Но он давно уж не слушал. Он узнал их, эти стихи. Шиллеровская Текла, ее голос, звучавший оттуда. Ее обращение к матери в переводе он переделал в обращенье к любимому, — что еще он мог сделать с этим грустно-знакомым голосом? «Не узнавай, куда я путь склонила, в какой предел из мира перешла… О друг, я все земное совершила; я на земле любила и ждала… Друг, на земле великое не тщетно; будь тверд, а здесь тебе не изменят; о милый, здесь не будет безответно ничто, ничто: ни мысль, ни вздох, ни взгляд».
— Это ваши стихи? — спросила она, когда он замолчал.
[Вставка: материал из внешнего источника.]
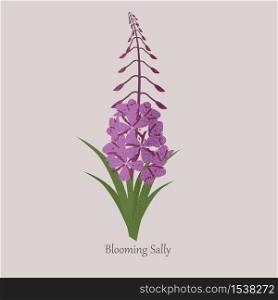 Blooming sally herbaceous wild plant with purple flowers. Medicinal plant and logo on a gray background.. Blooming sally herbaceous wild plant with purple flowers.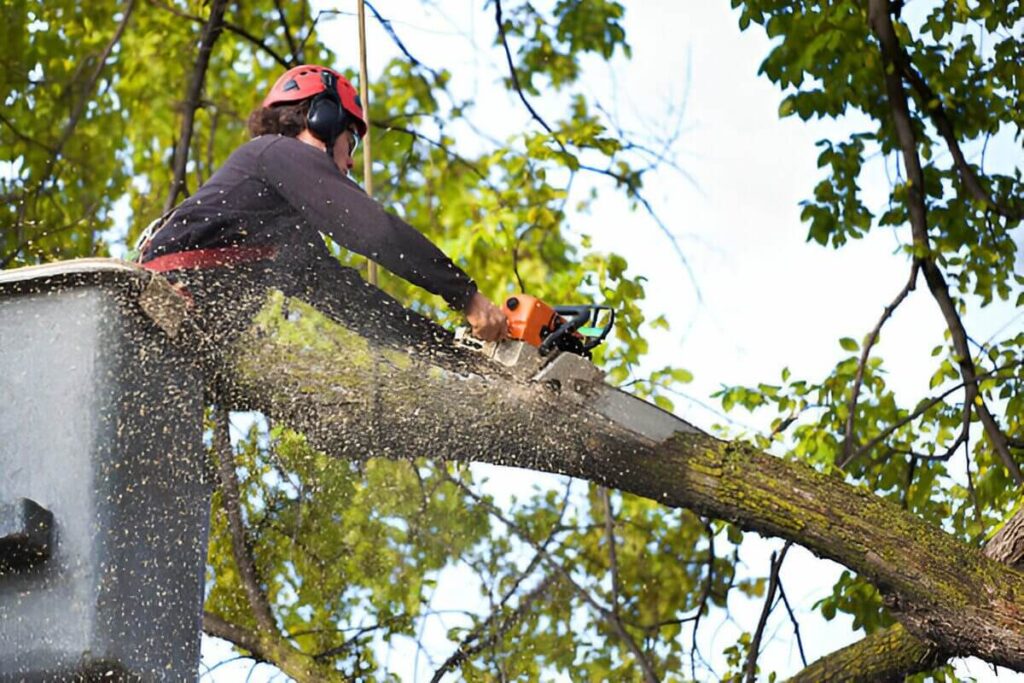 Top Tree Removal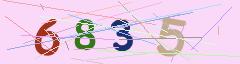 CAPTCHA validation image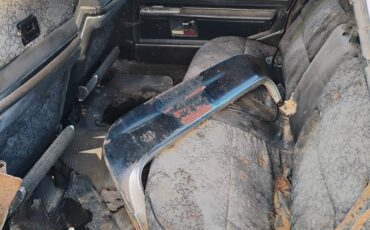 Cadillac-fleetwood-brougham-1969-black-6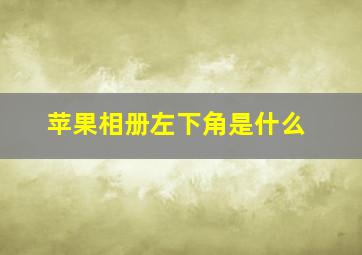 苹果相册左下角是什么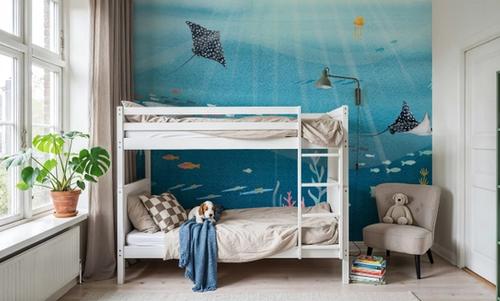 Underwater Sea Life Scenery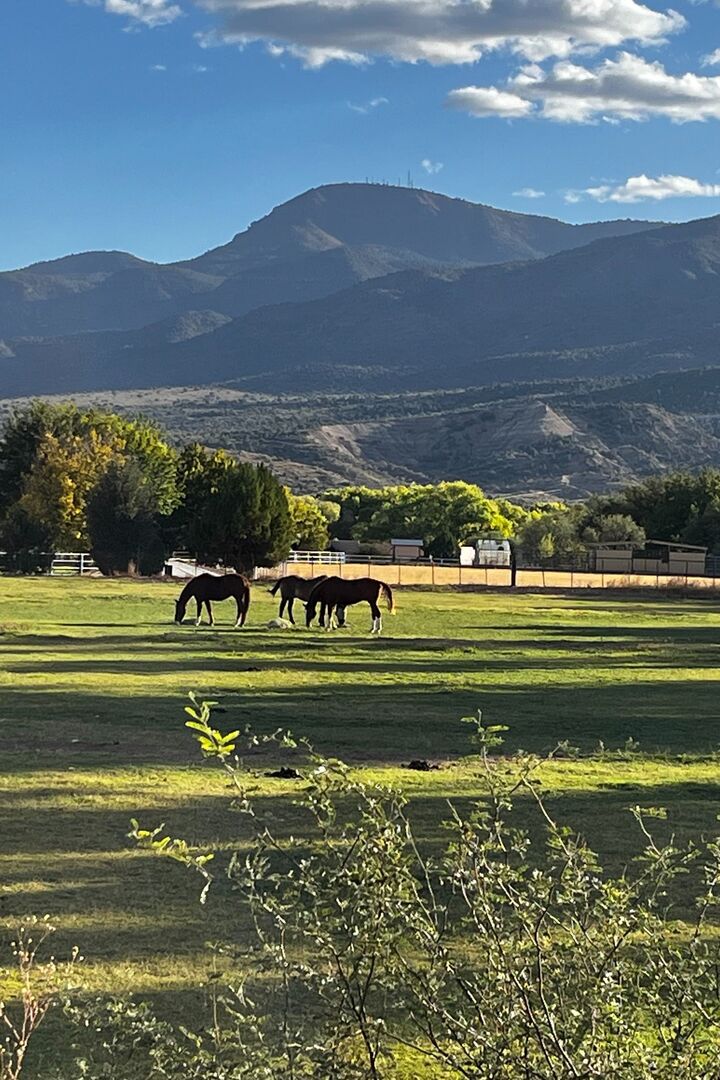 Tamara Mayorga, Real Estate Salesperson in Cottonwood, Northland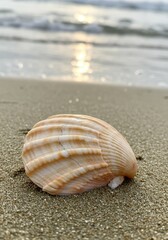 Close-up of seashell on sandy beach at sunset with ocean waves in background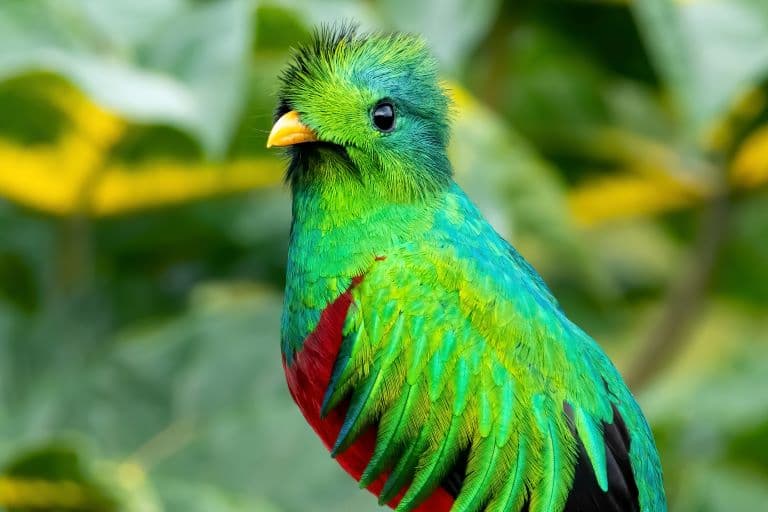 Quetzal profile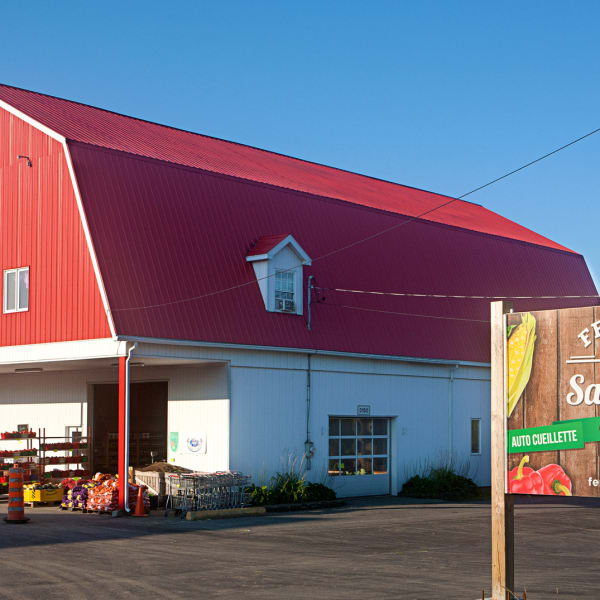 ferme_d_m_sauriol_1
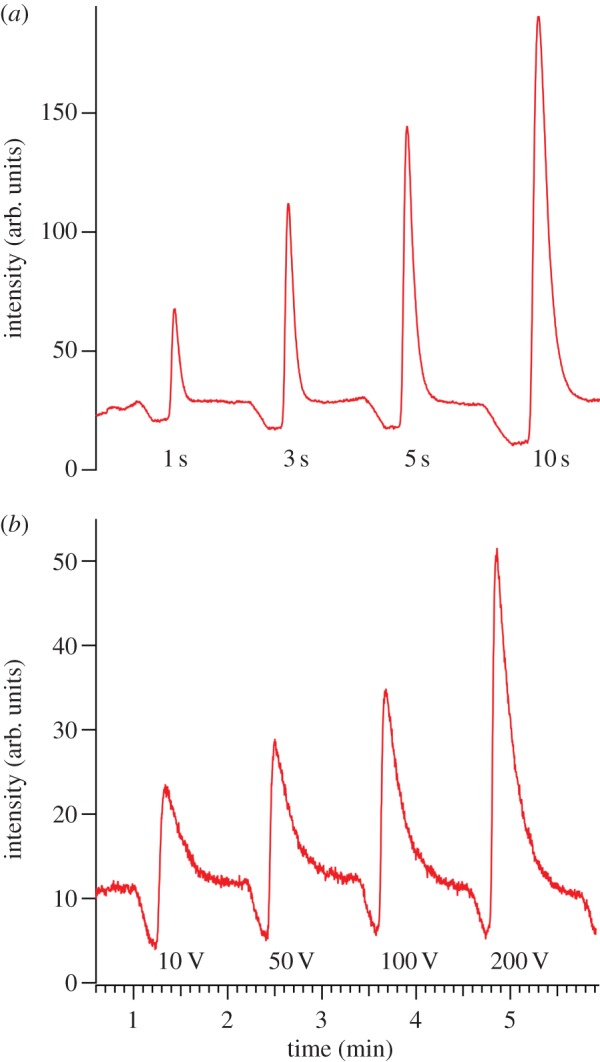 Figure 3.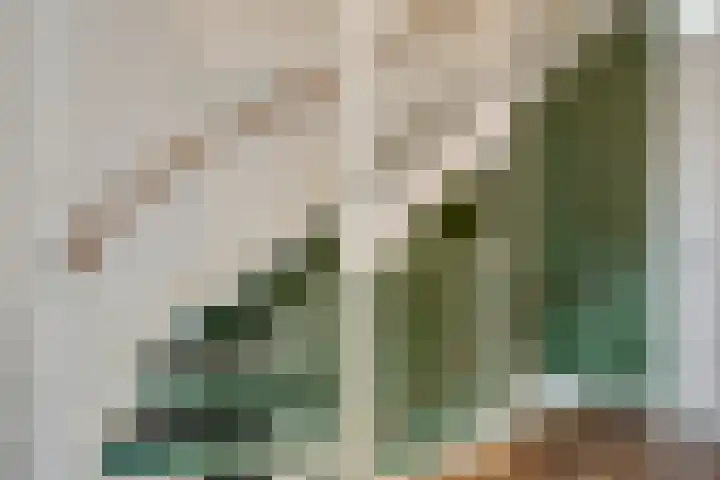 Asperge 20 Helden thumbnail 15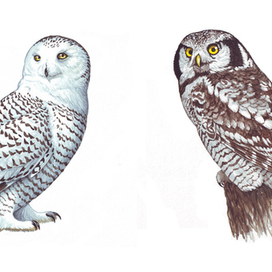 Белая сова. Ястребиная сова.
Он кивнул, протянув ей альбом.
— Да, да. Русские стихи — мои.
Мое. Наше… «Не унывай; минувшее с тобою; незрима я, но в мире мы одном; будь верен мне прекрасною душою; сверши один начатое вдвоем…»
Он читал. Он думал, грустил. Потом он вспомнил о девочке… Ее уже не было. Смутно припомнилось, что слышен был где-то за домом голос фрау Рейтерн, искавшей дочь… Странное дитя. Что она знает? Что может понять? Отчего прочла эти стихи? Просто случайность. Ребенок. Вдруг вспомнилось… «Можно ли быть влюбленным в ребенка?.. Ребенок! Но я ее представляю в будущем… в большом совершенстве!» Что это? Неужто мое? Очень давнее. Четверть века тому назад. Тогдашние несбыточные мечтания. Жуковский усмехнулся грустно. Поискал свою палку. Встал. Вышел из садика на дорогу. Каждая верста знакома была ему здесь. В конце каждой нацарапано теперь его имя. Дорога успокаивает, приводит мысли в порядок. Грустный порядок, и все же необходимый для продолжения жизни. Не унывай, минувшее с тобою… Минувшее с тобою… Для сердца минувшее вечно…
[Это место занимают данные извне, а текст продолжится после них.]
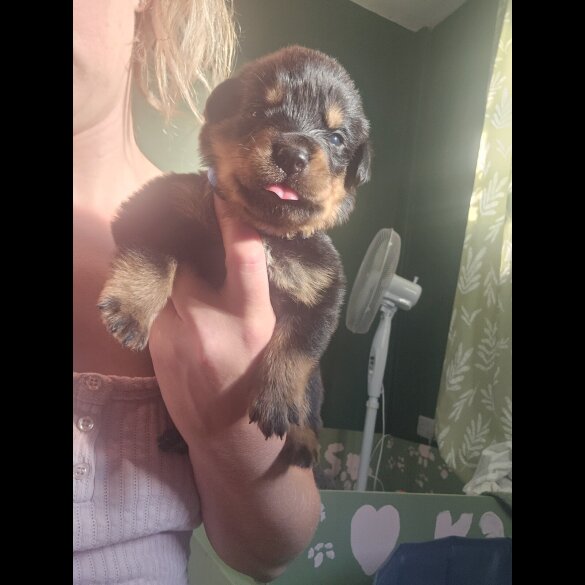 Rottweiler - Both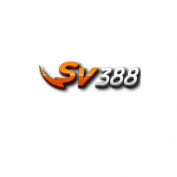 sv33888 profile image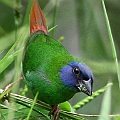 Blue-faced Parrot-finch in Mt. Lewis<br />Canon EOS 7D + EF400 F5.6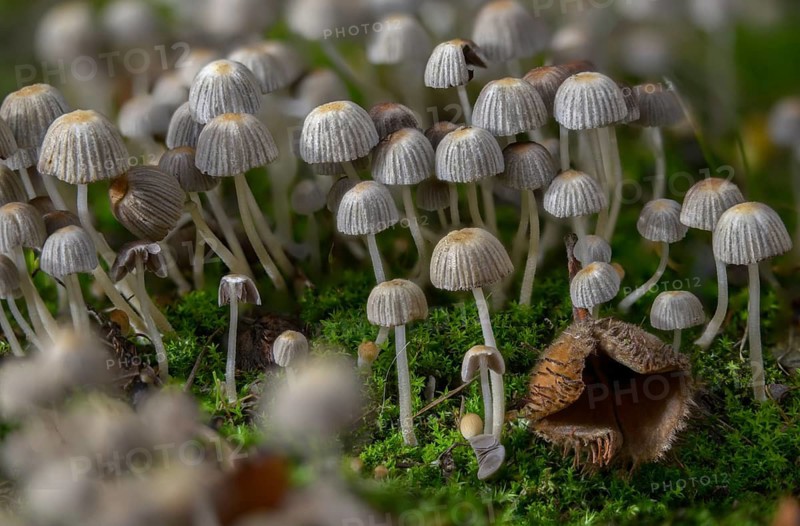 Coprinellus disseminatus, Coprinus disseminatus, sown tintling, fairy inkcap, fungi, mushrooms, tintling, trooping crumble cap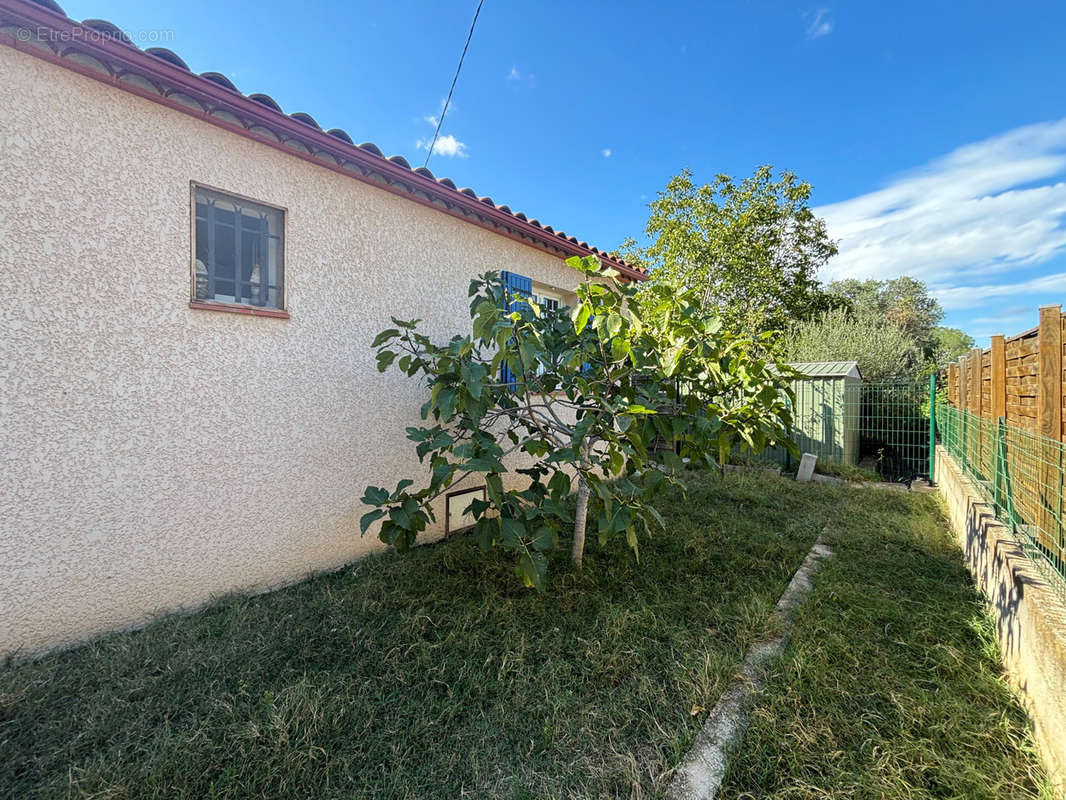 Maison à MONTESQUIEU-DES-ALBERES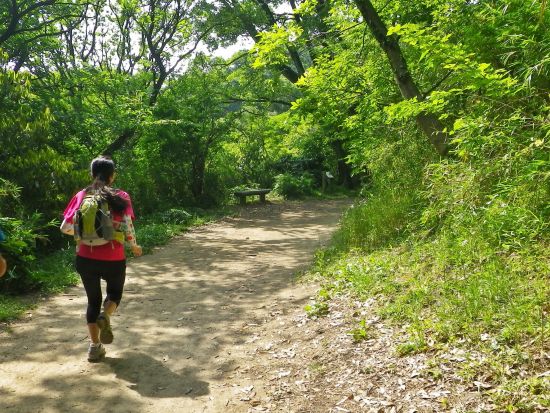 富士山の麓でランニング＆ウォーキングツアー　富士山麓の森や本栖湖湖畔でのんびり自然を感じてリラックス＜午前・午後／富士河口湖町＞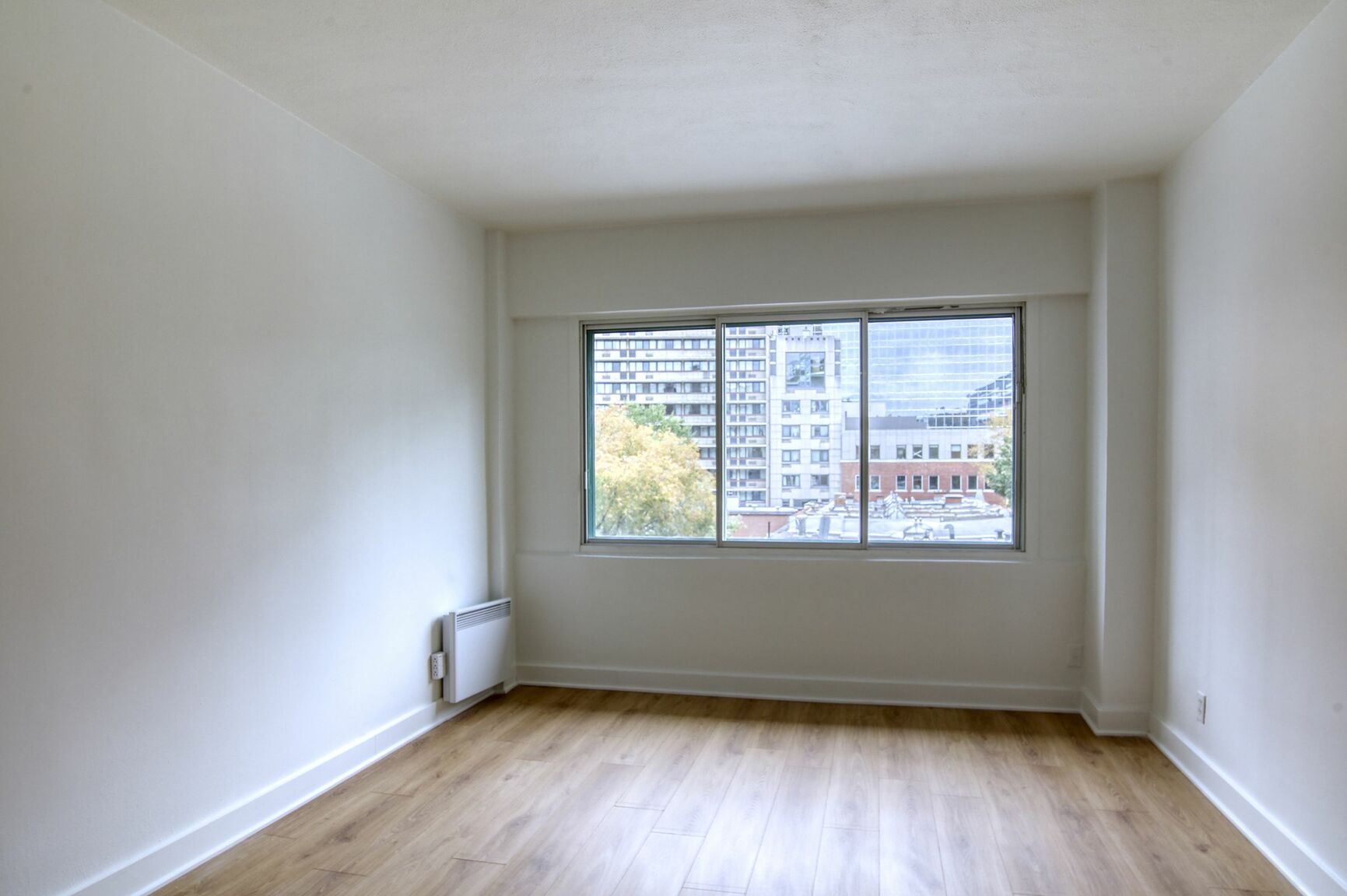 3455 Aylmer - Photo 166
Лизхен смотрела в щелку между шторами и видела, как Он сутулясь уходил по дороге, ведущей к Кларану. Потом видение стало смутным, слезы лились по ее щекам.
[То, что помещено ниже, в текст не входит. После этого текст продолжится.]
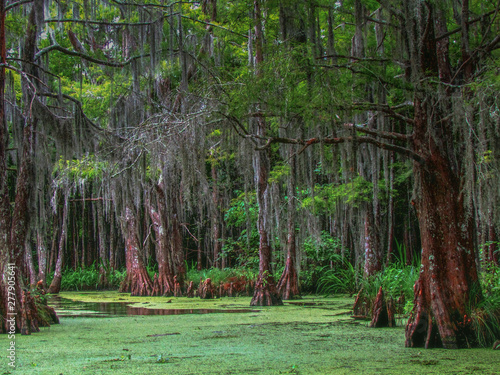 Fotografie Sümpfe bei New Orleans, Louisiana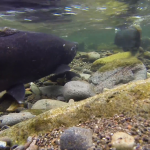 salmon underwater in stream
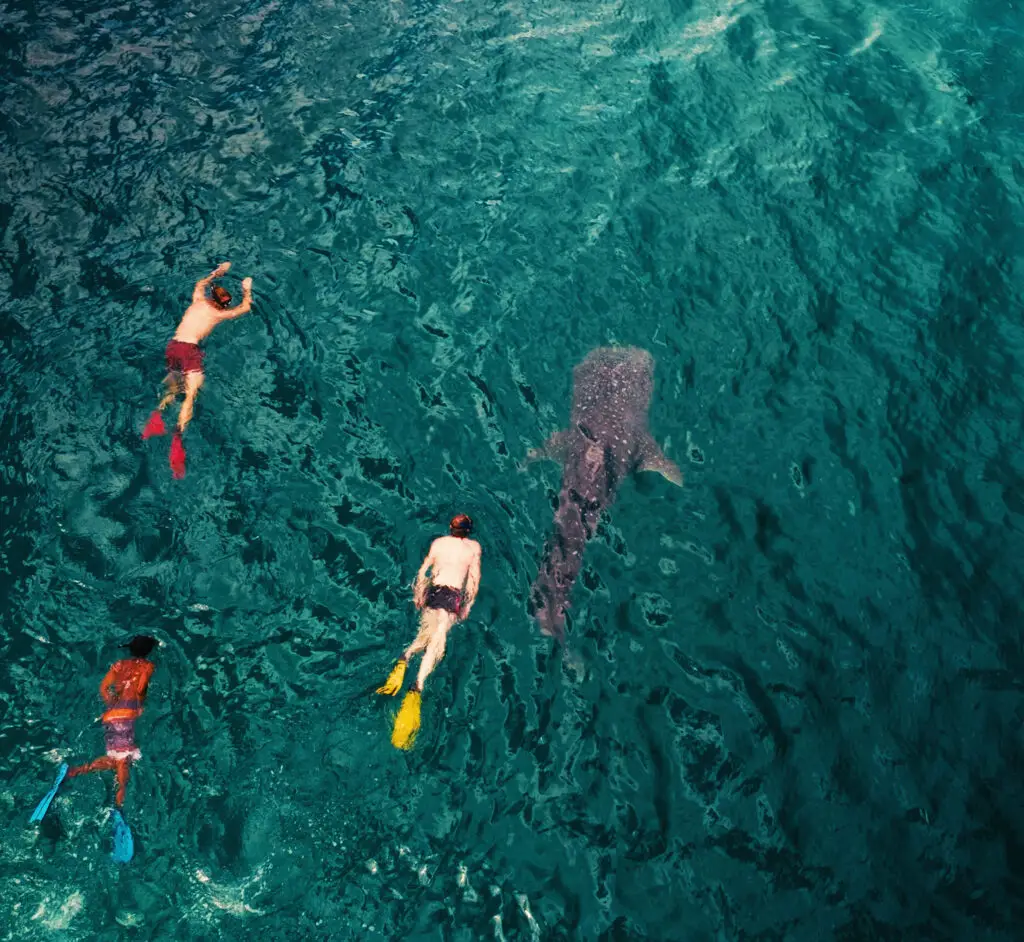 BASECAMP_MAFIA_ISLAND_Diving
— Он не видит меня, — шептала она. — Он совсем не видит меня. Боже, да что Он — слепой?
Автор этой маленькой повести много раз проходил по той самой дороге, между Веве и Монтрё (ах, как изменилась дорога, а горы стоят!), бродил среди русских могил на живописном кладбище в Веве (вверху, над озером, над железной дорогой и русской церковью), искал там свежую еще могилу удивительного мастера русской прозы, умершего на чужбине (В. В. или ВэВэ — из Монтрё), думал о нем, о его Гумберте и о нашем Жуковском, будто не сто разделяет их лет, а тысяча, — так разводят их стремительный век наш и вторженье чужой культуры… Может, в тайне души герой этой повести, как и Гумберт, оценить умел несомненную, высшую прелесть ребенка, но черты преступить бы не смог, потому что мораль для него была выше художества. Ну а там, где художество — Бог, аморальность, возвышаясь над миром, диктует ему свои правила и становится тоже моралью, потому что любовь — это Бог. Да, конечно, герой мой воскликнет, возражая ВэВэ, и Сверчку-чародею, и другим: но какая любовь? Та, что плоть твою тешит и душу терзает, или та, что готова всегда принести себя в жертву? Конечно, вторая. Нескончаемый спор. Я подслушал твой шелест, бродя средь фонтанов, прекрасных дерев и могил на воспетом уж Вяземским этом тихом кладбище в Веве. Сколько русских здесь теней, сколько милых для сердца имен, пребывающих в иноязычном изгнанье. Снизу Лемана синие воды, туристическая толчея, вереницы унылых машин. Здесь — над нами — лишь небо, и поезда шум временами вторгается в шелест воды и деревьев. Я помедлю еще и уйду — я принес вам привет подмосковного бора и обветренной крымской степи, петербургских знакомых проспектов и Москвы, моей родины… Может быть, я вернусь, ведь еще не дописана повесть о невольном изгнаннике, о Жуковском. Но тогда, в эту пору вернейской идиллии, кто бы мог догадаться о ему предстоящем изгнанье? Уж конечно, не он. Разве только стихи и Кассандра. Гроб в чужбине найду, написал он, не опасаясь. Но не шутят стихи. А пророчат.